Caffeine Benefits for Mental & Physical Performance
Caffeine is a staple in the daily routine of most adults, consumed at regular intervals throughout the day.
In fact, many people feel the effects of caffeine withdrawal if their intake is delayed even by a few minutes.
This has led some to believe that caffeine is addictive or harmful. However, research suggests that caffeine has numerous benefits for both mental and physical performance.

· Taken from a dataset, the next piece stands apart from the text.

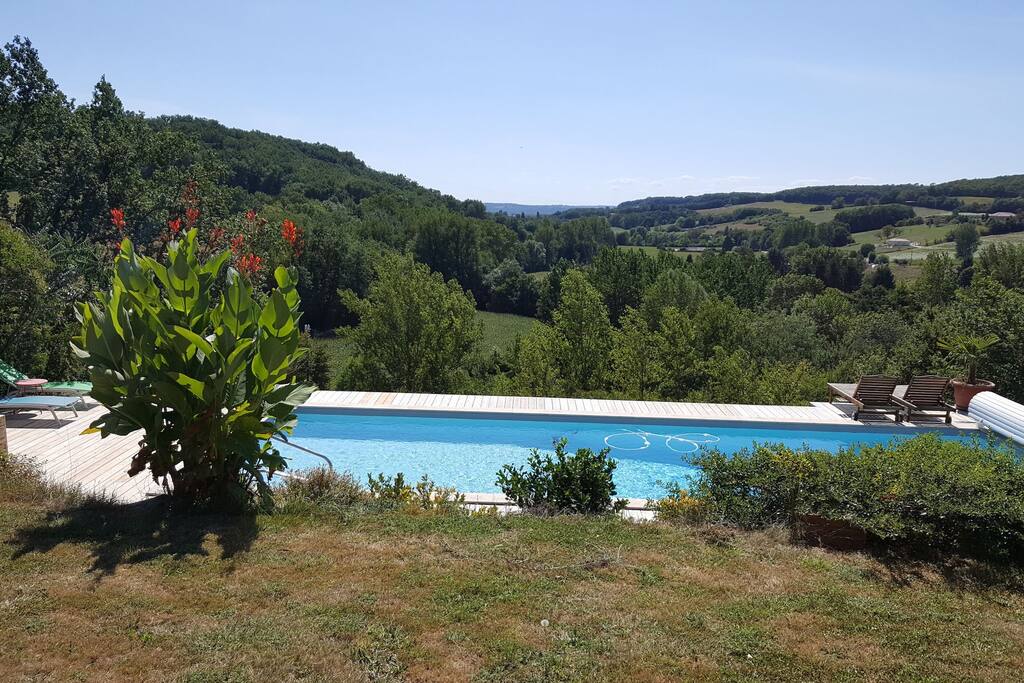 Le panorama.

One of the main benefits of caffeine is its neuroprotective effects. Caffeine increases the levels of neuromodulators such as dopamine and norepinephrine, which are responsible for increasing alertness, motivation, and drive.
Studies show that regular caffeine intake is inversely related to levels of depression, suggesting that it may have antidepressant effects, either directly or indirectly.
Caffeine also improves mental and physical performance.
Thousands of studies have shown that caffeine reduces reaction time, making us quicker to respond to stimuli. In laboratory studies, participants who ingested caffeine 30 minutes before a task showed significant improvements in reaction time. Additionally, caffeine can improve physical performance by increasing endurance and reducing muscle pain.
It’s important to note that the effects of caffeine on mental and physical performance can be further enhanced by consuming it at regular intervals while working.
Ingesting caffeine in pill form or drinking it quickly will result in an increase in alertness within 5 minutes, peaking at 30 minutes and lasting for up to 60 minutes.
Caffeine Effects on Brain; Reward Pathways
Caffeine is a naturally occurring substance that can be found in certain plants and flowers.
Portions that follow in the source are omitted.